FWIW- This bike frame is way beyond my capabilities, too. I've wanted a CAAD 4/5 since they 1st came out (and were $$$$$$). I consider myself lucky to have found an affordable deal on mine. (Call me crazy, but I seem to prefer all AL frame w/carbon fork set up). I do think the stock 2.3 KG wheelset and the Tiagra FD (after it started acting up) limit my riding. Demo'ed lighter wheels & there is a distinct difference in acceleration & climbing. The stock Tiagra shifters & 105 RD have been fine & do not hold me back one bit. Ultegra seems to shift smoother, so I may upgrade the RD when the time comes. Ultegra shifters are nice, but expensive. The stock Touro crankset is functional, just a little heavy. Don't know if dropping some weight there would be meaningful.


----------



## HokieRider (Oct 6, 2005)

I've been thinking of putting a carbon fork on my R500...have any of you guys done that and if so which one did you go with? 
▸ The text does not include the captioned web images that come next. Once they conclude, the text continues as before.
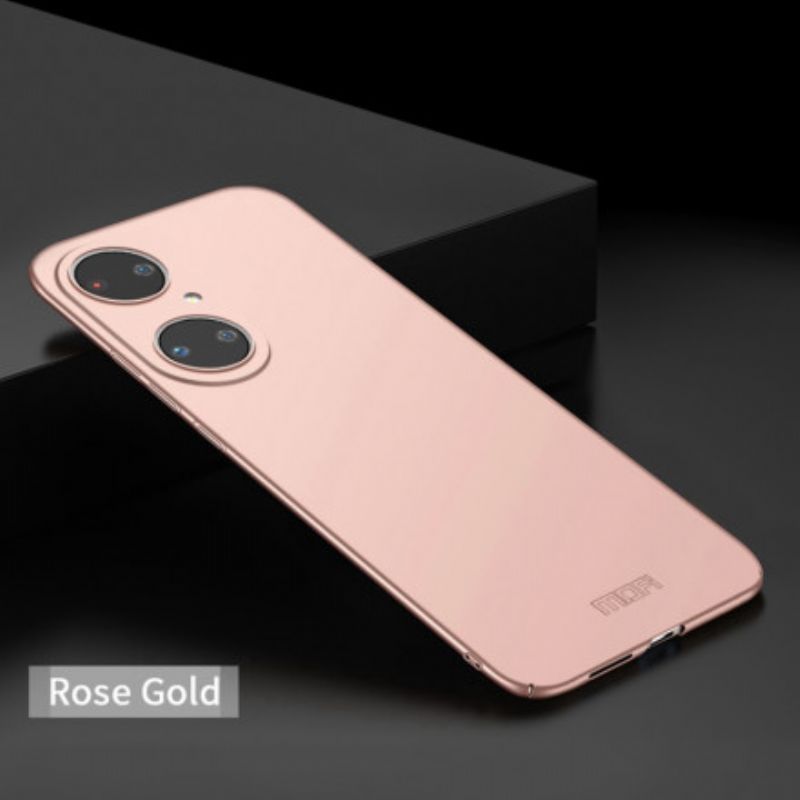 Kryt Huawei P50 Ultratenká Mofi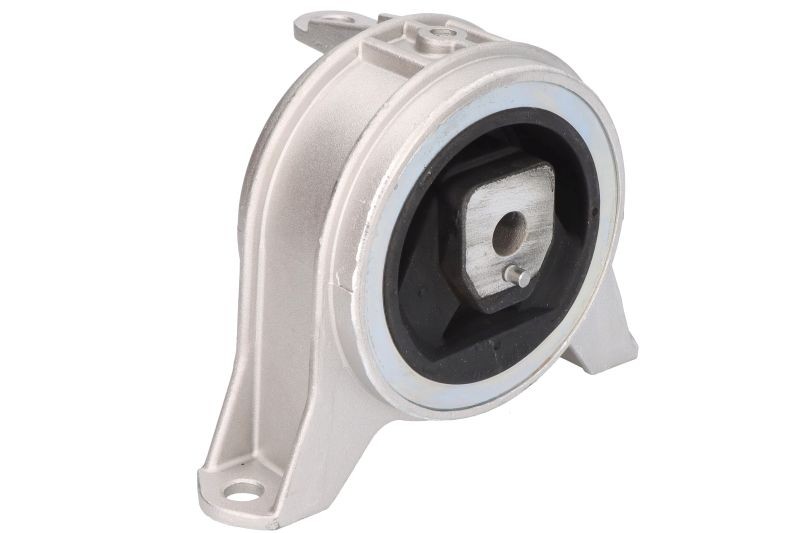 2x ✅Fits HANS PRIES HP208 391 Engine mount HP208 391 Engine mount fr ⭐UK Seller⭐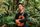 Jake Shimabukuro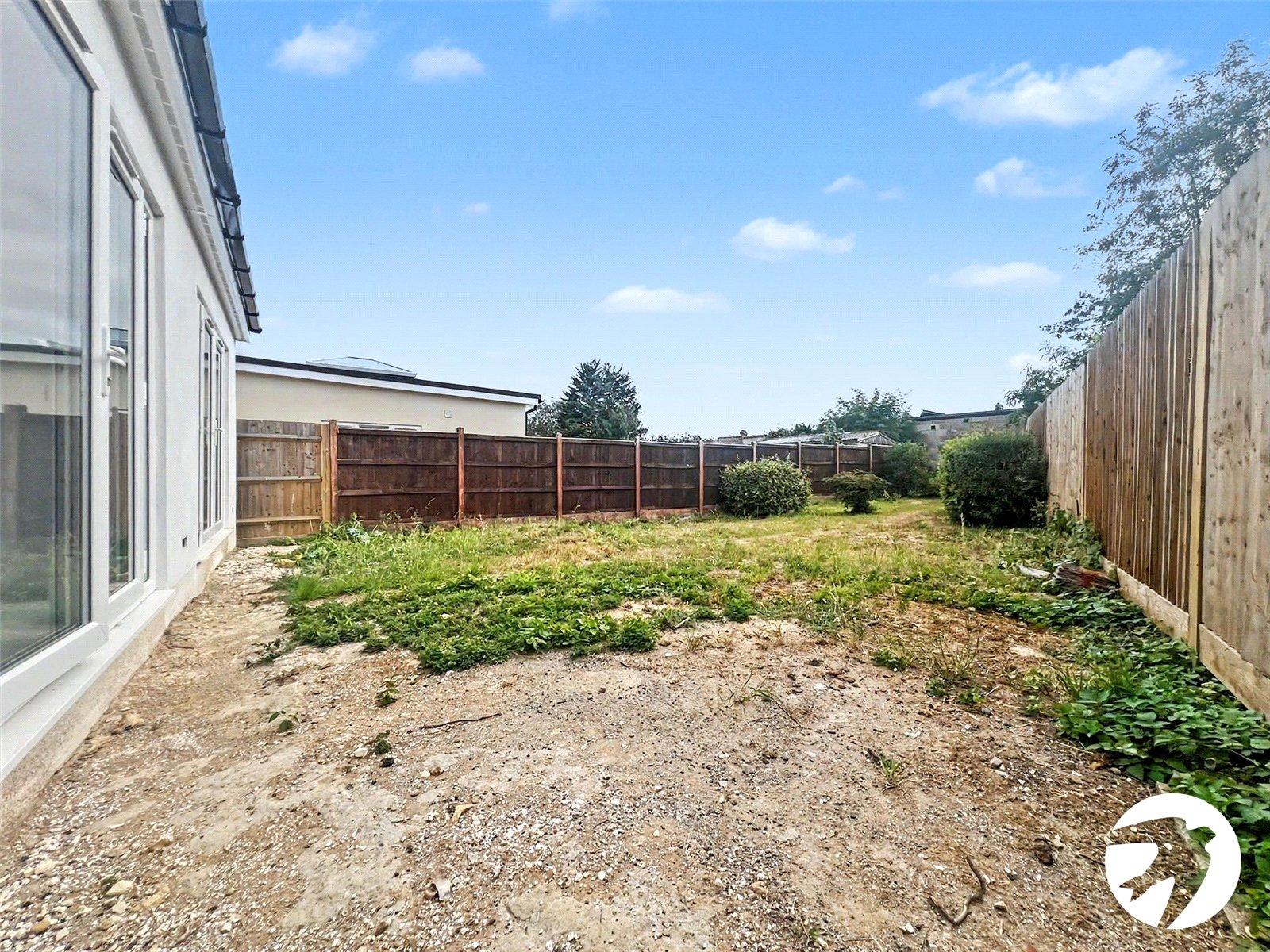 3 bedroom bungalow for sale in Rochester | Robinson Michael & Jackson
I had no idea those T3s weighed that much!


----------



## bike_freak (Jun 6, 2005)

HokieRider said:


> I've been thinking of putting a carbon fork on my R500...have any of you guys done that and if so which one did you go with?
> 
> I had no idea those T3s weighed that much!



My 2005 R500 came stock with the Slice Carbon fork I've ridden Alu and steel forks before, and the carbon does feel nicer. 

Yep, no one belives me when i say how much the wheels weigh, they think i am talking about the weight with tires/tubes, but nope.. 2.35kg.


----------